Em maio de 2020, meios de comunicação veicularam repetidamente as cenas nas quais um policial branco submeteu um homem negro com o joelho dobrado em seu pescoço até a asfixia. O policial manteve o joelho sobre o pescoço de George Floyd por 8 minutos, levando-o à morte. Esse crime violento, registrado por passantes que testemunharam a abordagem policial provocou uma série de protestos contra a violência racial em cidades dos Estados Unidos. Nessas demonstrações, paradoxalmente, os manifestantes contra o racismo e muitos policiais repetiam o gesto votivo antigo, numa genuflexão contemporânea.[11] Infelizmente, em outubro de 2020, os meios de comunicação brasileiros testemunharam imagens semelhantes em horror e brutalidade àquelas vistas na morte de Floyd nos Estados Unidos. Luiz Alberto Silveira de Freitas, um homem negro de 40 anos, foi espancado até a morte por seguranças do Supermercado Carrefour em Porto Alegre (Figura 8).

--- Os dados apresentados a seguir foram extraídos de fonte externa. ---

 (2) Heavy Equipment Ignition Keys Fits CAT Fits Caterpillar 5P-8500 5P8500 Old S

Figura 8: À esquerda: O policial Derek Chavin mata George Floyd por asfixia em 25/05/2020 em Minneapolis, nos EUA. À direita, acima: Policiais da cidade de Miami repetem o gesto usado por manifestantes antirracismo nos EUA. À direita, abaixo: Frame de vídeo do espancamento de Luiz Alberto Silveira de Freitas no Supermercado Carrefour em Porto Alegre, em 20/11/2020.

Homem sentado em aeroporto

Descrição gerada automaticamente com confiança média

Fonte: https://g1.globo.com/mundo/noticia/2020/08/04/video-de-policiais-mostra-trechos-ineditos-de-abordagem-e-morte-de-george-floyd.ghtml https://noticias.uol.com.br/album/2020/06/01/protestos-eua-george-floyd.htm?foto=18 https://g1.globo.com/rs/rio-grande-do-sul/noticia/2020/11/20/morte-de-negro-em-supermercado-no-rs-veja-repercussao.ghtml

As cenas de violência foram repetidas à exaustão, e nelas reconhecemos a fórmula do joelho dobrado com a qual iniciamos nosso percurso imagético. Nas sucessivas reproduções das imagens do vídeo, muitas vezes a narração enfatizava o fato do homem ter sido imobilizado com o joelho.

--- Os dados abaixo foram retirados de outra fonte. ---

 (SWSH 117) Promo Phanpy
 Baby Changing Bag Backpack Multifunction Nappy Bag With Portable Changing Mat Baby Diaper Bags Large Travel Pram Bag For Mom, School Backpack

Desejamos chamar a atenção para como a fórmula do joelho dobrado apareceu nas imagens aqui reproduzidas, especialmente pela dimensão paradoxal de seu sentido: de um lado, o gesto marca a ação de subjugar pela força (do culto mitraico à violência racial contemporânea); de outro, porém, a genuflexão indica devoção, submissão e protesto. Como o mesmo gesto pode carregar sentidos tão diferentes? O conceito para compreender esse fenômeno é o de pathosformel. Cunhado em 1905 por Warburg, revela uma noção de história da arte na qual as imagens se referem a “experiências de comoção humana” (Warburg, 2018, p. 228).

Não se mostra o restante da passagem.